Speaking of caching, let’s consider the caching layer that NFS and SMB usually provide. They allow you to cache file metadata or frequently accessed files, significantly reducing the number of calls you need to make over the network. If I’m working on applications that frequently access the same set of data, I want that data available locally, which isn’t something S3 is optimized for. Each access requires a REST API call and, with the galactic number of API calls required over time, those round-trip times could seriously degrade performance.

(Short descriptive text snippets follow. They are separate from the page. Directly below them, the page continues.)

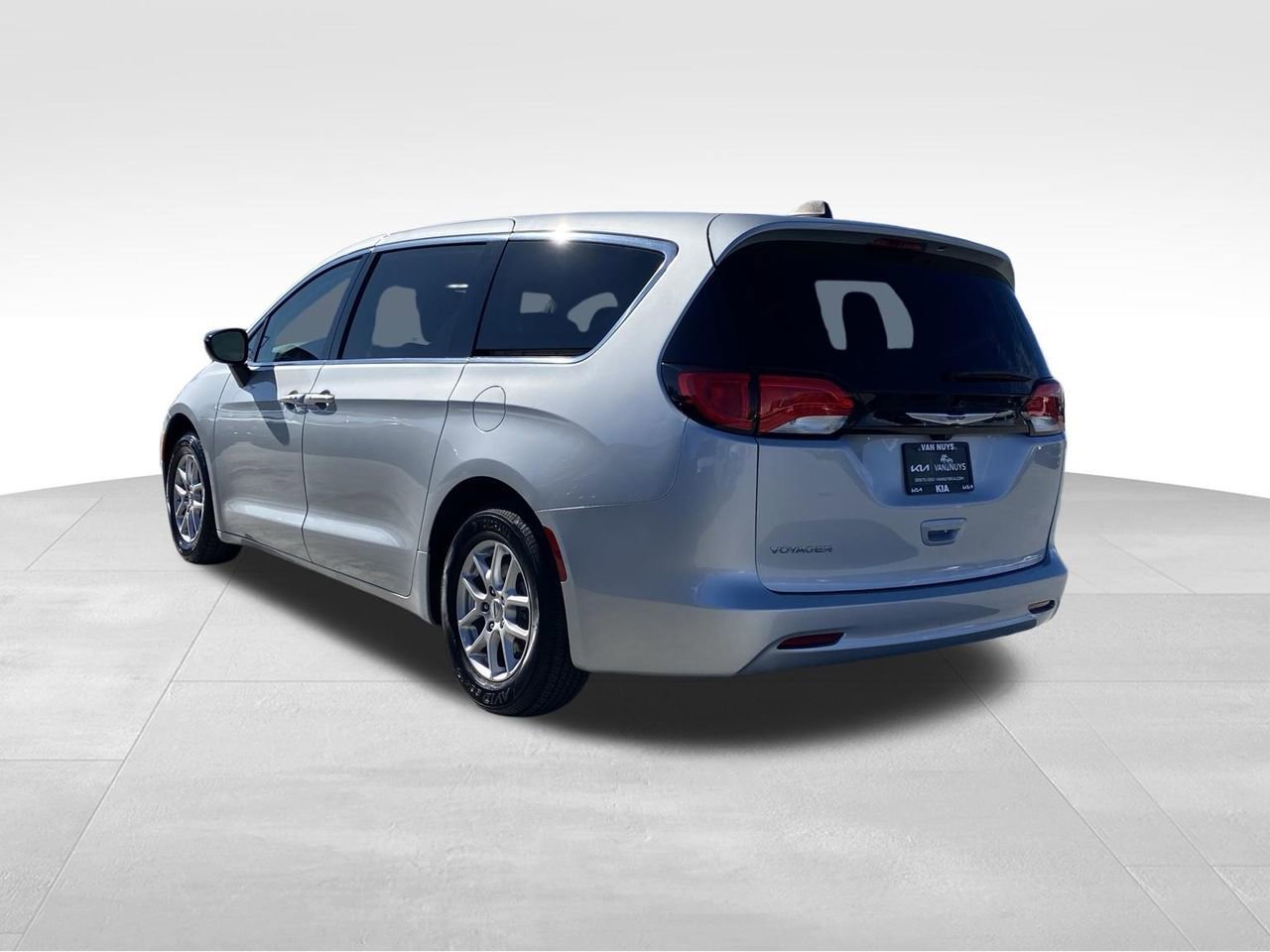 Used 2024 Chrysler Voyager LX FWD image 6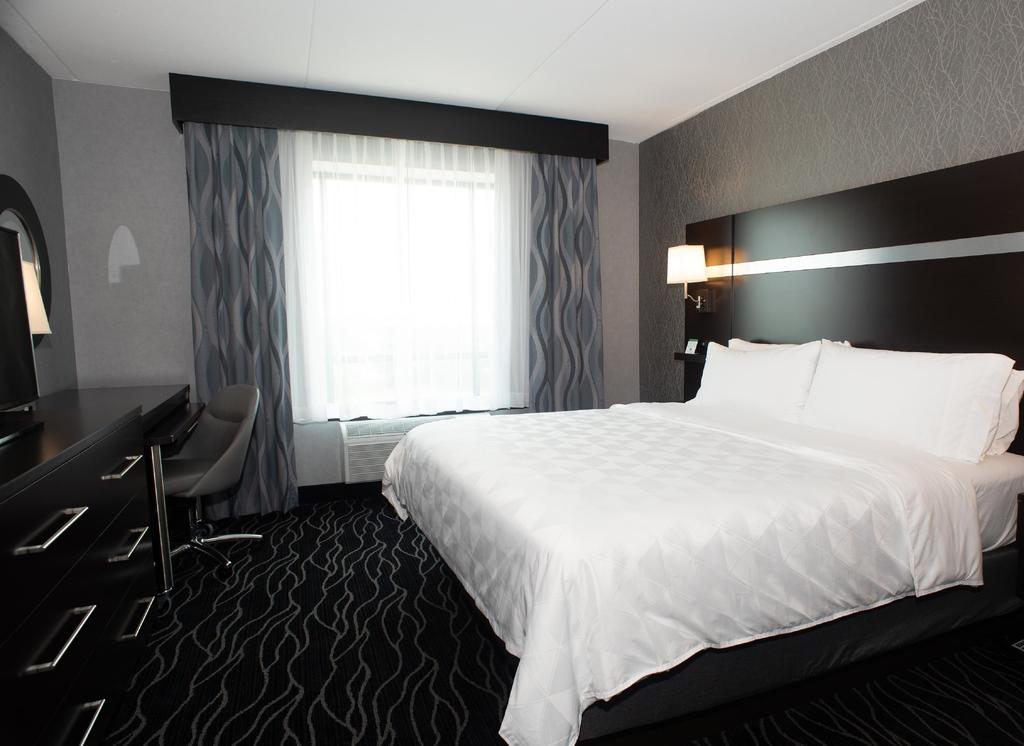 Holiday Inn & Suites - Joliet Southwest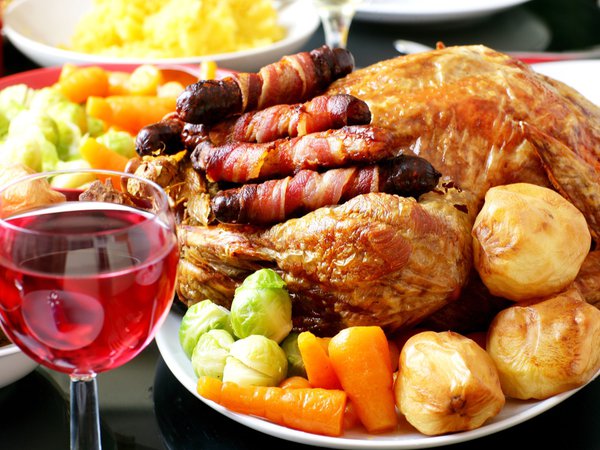 бокал вина, гарнир, жареная курица, картофель, колбаски, морковь, овощи, праздничный стол
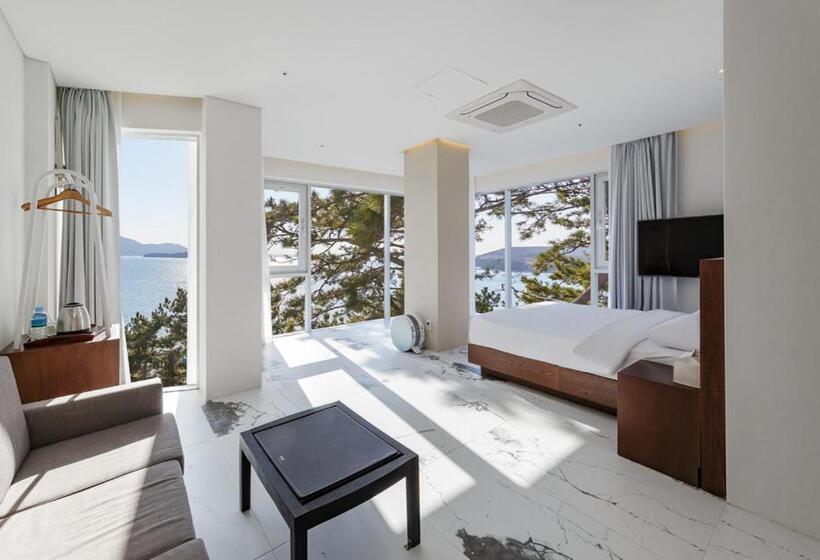 측면 바다 전망 스위트, Latterace Resort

On the security front, NFS and SMB also offer a layer of protection that is more aligned with the way file-level permissions work in traditional environments. You can set permissions at a per-file or per-directory level, allowing for stricter access control based on your organizational roles. In contrast, S3 has its own way of handling access permissions through bucket policies or IAM roles, which can sometimes feel clunky depending on your use case. You can easily get into situations where users end up either over-privileged or under-privileged because the permission model is less intuitive for shared access setups.

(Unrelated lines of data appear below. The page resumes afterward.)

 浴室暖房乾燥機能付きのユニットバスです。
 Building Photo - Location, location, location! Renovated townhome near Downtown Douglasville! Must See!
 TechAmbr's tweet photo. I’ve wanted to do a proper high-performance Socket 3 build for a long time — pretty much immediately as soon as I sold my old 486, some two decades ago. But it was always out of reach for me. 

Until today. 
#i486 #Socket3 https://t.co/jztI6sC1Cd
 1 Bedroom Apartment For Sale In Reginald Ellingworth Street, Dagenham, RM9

You might also find that working with S3 leads to greater complexity when considering metadata. If you’re accustomed to working with file properties—like timestamps, ownership, or permissions—when you put or get objects in S3, you’re often left to either reinvent a wheel or use additional services to manage those attributes. For example, a basic text file might carry timestamps and ownership properties with NFS or SMB, easily enabling change tracking and auditing. In S3, you’ve got to write logic around the object to manage metadata, which complicates things if you're doing bulk operations or needing to transfer that data for other uses.

If real-time collaboration is part of your application's requirements, you’ll find it almost impossible to work with S3 effectively. NFS and SMB are inherently built to handle concurrent writes, so if two users edit a file at the same time, the file locking mechanisms help manage that conflict. Imagine two users working on the same document; NFS will make sure that their changes do not collide and that revisions are appropriately handled. With S3, you’d need an entirely different architecture to accommodate that kind of workflow, likely incorporating additional services to handle merges or track changes efficiently.

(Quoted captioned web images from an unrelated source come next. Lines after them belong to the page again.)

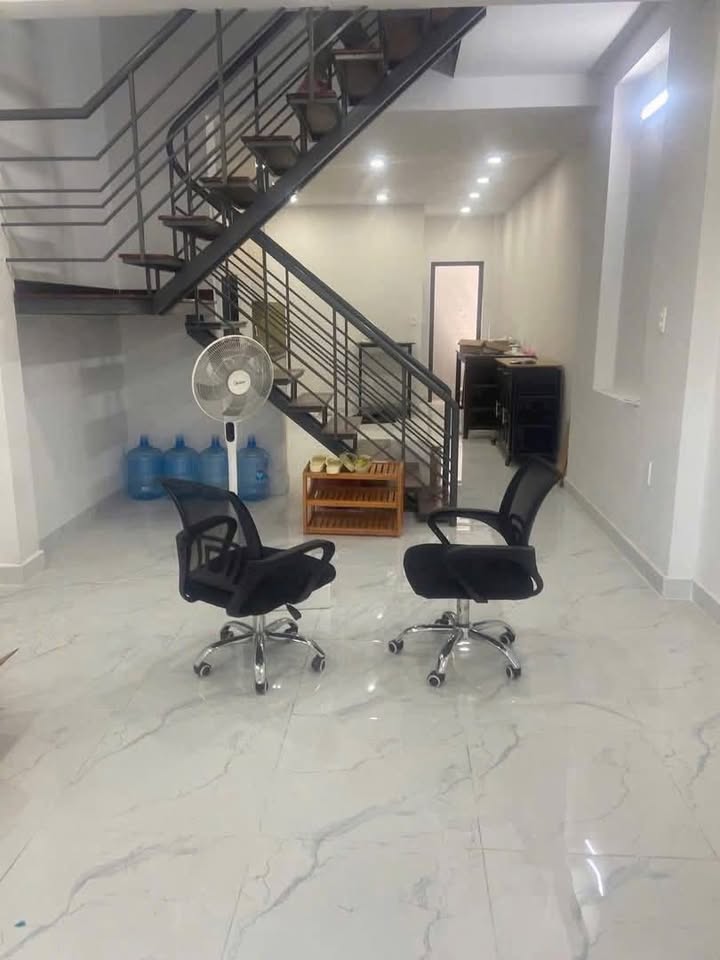 Nhà 2 Tầng Mới Kính, Sổ Hồng Riêng, Q7 - Giá 6 Tỷ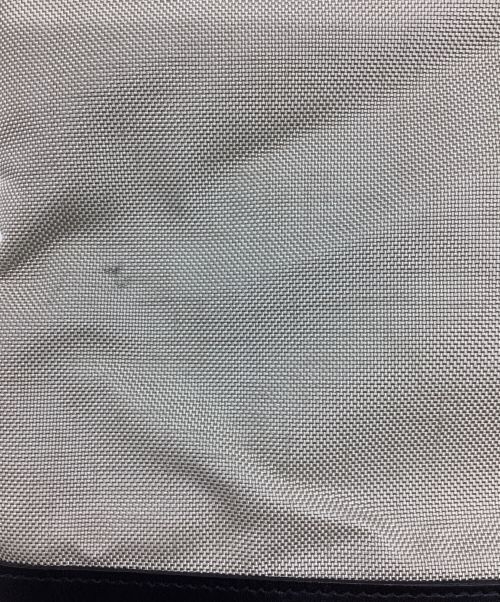 Junhashimoto（ジュンハシモト）Junhashimoto (ジュンハシモト) クラッチバッグ グレー×ブラックの古着・服飾アイテム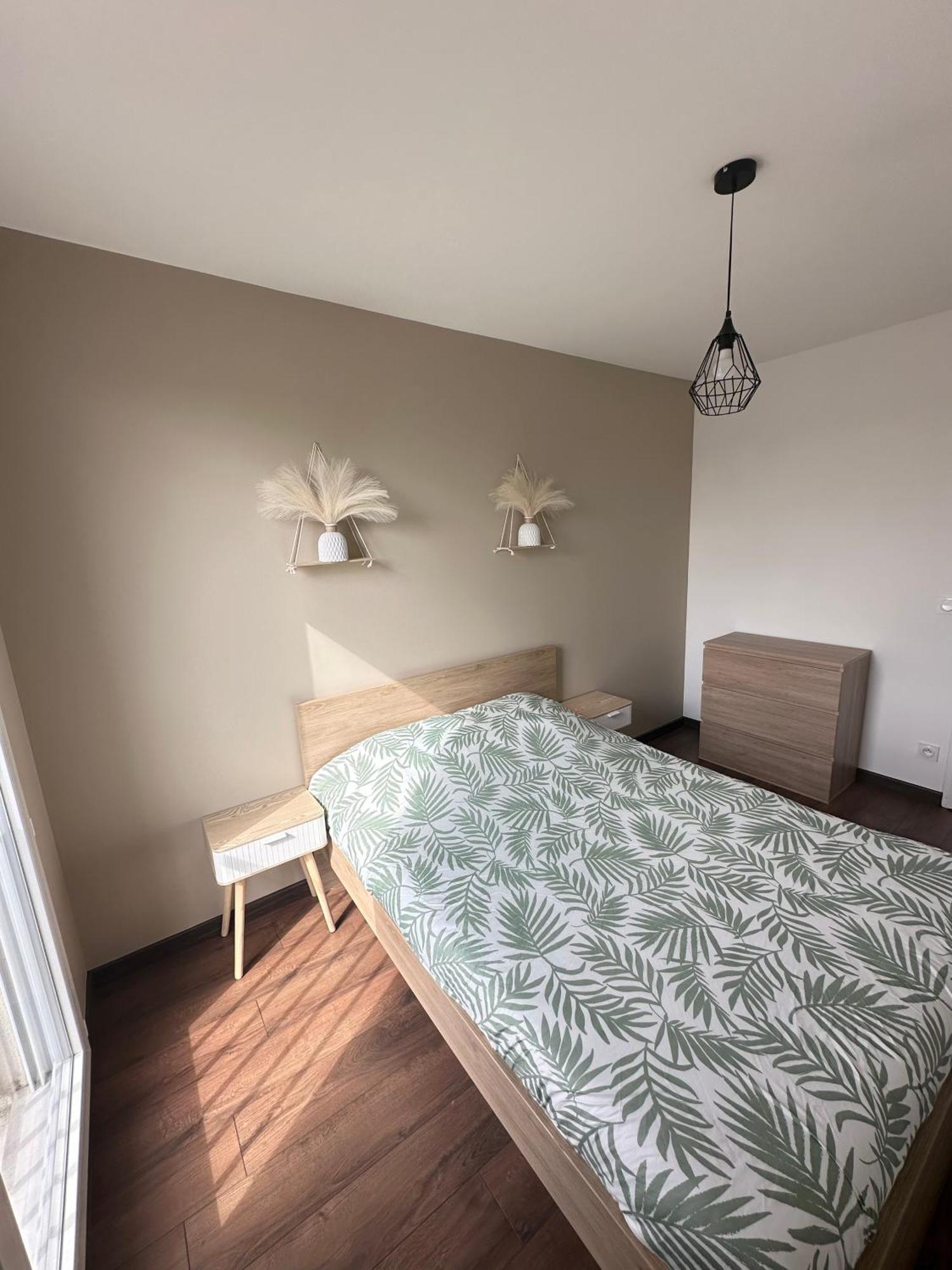 Appartement Chaleureux - Meaux Bagian luar foto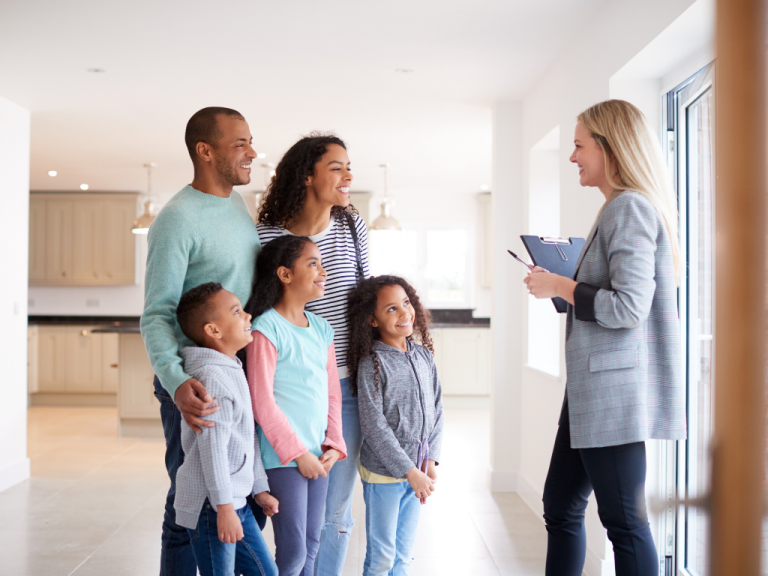 How to Pick a Realtor for You Next Level Homes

When you're looking at these differences, keep in mind that the issues with S3 aren't necessarily insurmountable, but they do add significant overhead in terms of complexity and development effort. Depending on your context and requirements, it may need a lot of extra code to simulate the file system behaviors that you can get almost “for free” with NFS or SMB.

If you're building something new or working within an existing architecture, consider what kind of file behaviors you expect from your applications. If you've got legacy applications or systems designed for shared file access, integrating them with S3 will take a clear consideration of these differences. You have to ask yourself if the trade-offs in flexibility, ease, and performance are worth it based on your specific use case. If you can afford the upfront investment in architecture and code to handle these differences, S3 may still fit within your overall strategy. Just don't expect it to replace the agile flexibility you’re used to with NFS and SMB right out of the box. It's an entirely different ballpark where you'll need to aggressively manage the challenges that come with object storage.